What if my business is not eligible for support from the Coronavirus Job Retention Scheme?
If the Coronavirus Job Retention Scheme isn’t suitable for your situation, then you may be eligible for another of the Government’s fiscal measures aimed at supporting businesses severely impacted by coronavirus.
If you are a business in the retail, hospitality or leisure industries, or a nursery, you will not have to pay business rates during the 2020-2021 tax year.
Some businesses may also be eligible for Government grants. Eligible businesses include those in receipt of either Small Business Rates Relief (SBRR) or Rural Rates Relief (RRR); these businesses can apply for a one-off cash grant of £10,000.
Businesses in the retail, hospitality and leisure industries with a rateable value of less than £51,000 may also be able to access cash grants of either £10,000 or £25,000. They will be eligible for £10,000 if their business property has a rateable value of less than £15,000, while the £25,000 grant will be reserved for businesses with a rateable value of £15,000 to £51,000.
Businesses that have seen serious disruption to their cashflow may also be able to apply for a commercial loan through either the Coronavirus Business Interruption Loan Scheme (CBILS) or the Coronavirus Large Business Interruption Loan Scheme (CLBILS). These loans are only available to firms who cannot access ordinary commercial finance.
The CBILS supports small and medium-sized businesses (those with an annual turnover of up to £45 million) to gain access to business finance of up to £5 million, to be repaid over a period of up to six years. The Government provides an 80% guarantee on these loans to give lenders confidence in providing finance to smaller businesses hit by COVID-19.
The CLBILS is designed to help large businesses (those with a turnover of between £45 and £500 million) to access finance of up to £25 million, with the Government once again offering an 80% guarantee on the loans.
The scheme for large businesses will launch at the end of April 2020, while the scheme for smaller and medium-sized businesses is already up and running.
What if my business is still struggling to pay contributions despite receiving support?
Wherever possible, your business should endeavour to continue paying contributions as normal and make use of the assistive measures outlined above.
If you are still struggling to pay your pension contributions, there are some options you could try.
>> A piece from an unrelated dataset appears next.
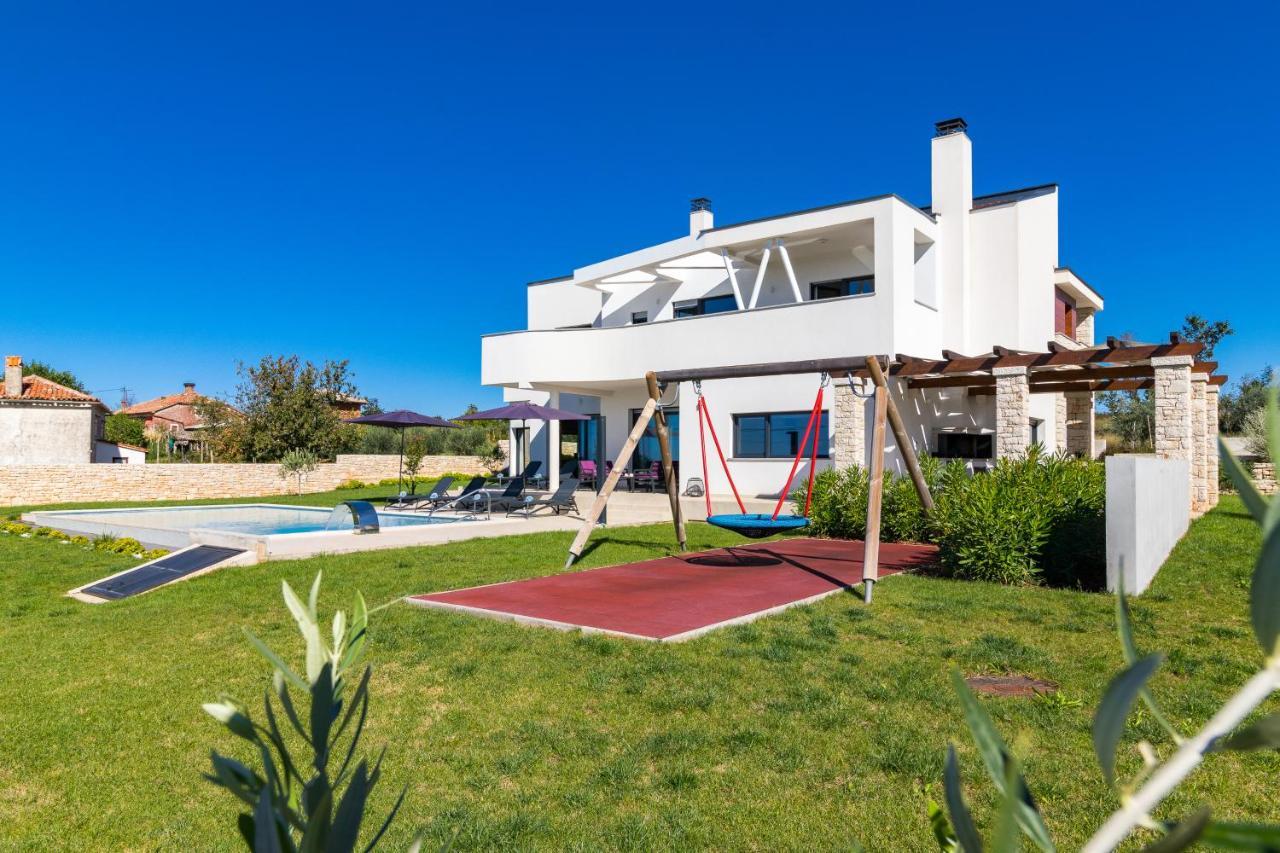 Villa Eleonora, Luxury Villa In Visnjan, Zuzici, Near Porec Exterior foto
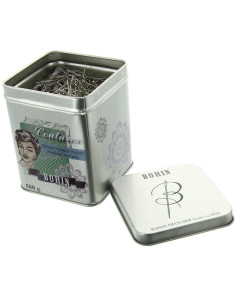 Caixa de 500 grs de alfinetes extra finos Bohin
In the first instance, you should contact your pension provider. They may be able to suggest options such as extending the due date for your employer pension contributions, or paying contributions over an extended time period.
You could also discuss options with your employees during these unprecedented times – but remember that it is illegal to force them to leave their workplace pension scheme.
Have my workplace pension responsibilities changed as a result of the pandemic?
As well as continuing to be obliged to make the minimum employer pension contribution, your duties regarding the assessment and enrolment of staff, and the administration of your chosen workplace pension scheme, also remain unchanged.
However, if you are a new employer and are struggling to carry out your staff assessment and enrolment duties during the coronavirus pandemic, you can take advantage of a process called postponement, which allows you to postpone the assessment and enrolment process (and therefore the payment of pension contributions) for up to three months.
Employers must continue to automatically re-enrol staff who have left their workplace pension scheme every three years. This also applies to staff currently on furlough leave.
If you are struggling to complete your re-enrolment duties during the coronavirus pandemic, you cannot use the postponement process. However, The Pensions Regulator does advise that you may choose a date up to three months after the third anniversary of your staging date or duties date to carry out staff assessments and re-enrol any eligible staff.
It should be noted that you will have to continue paying contributions for currently enrolled staff.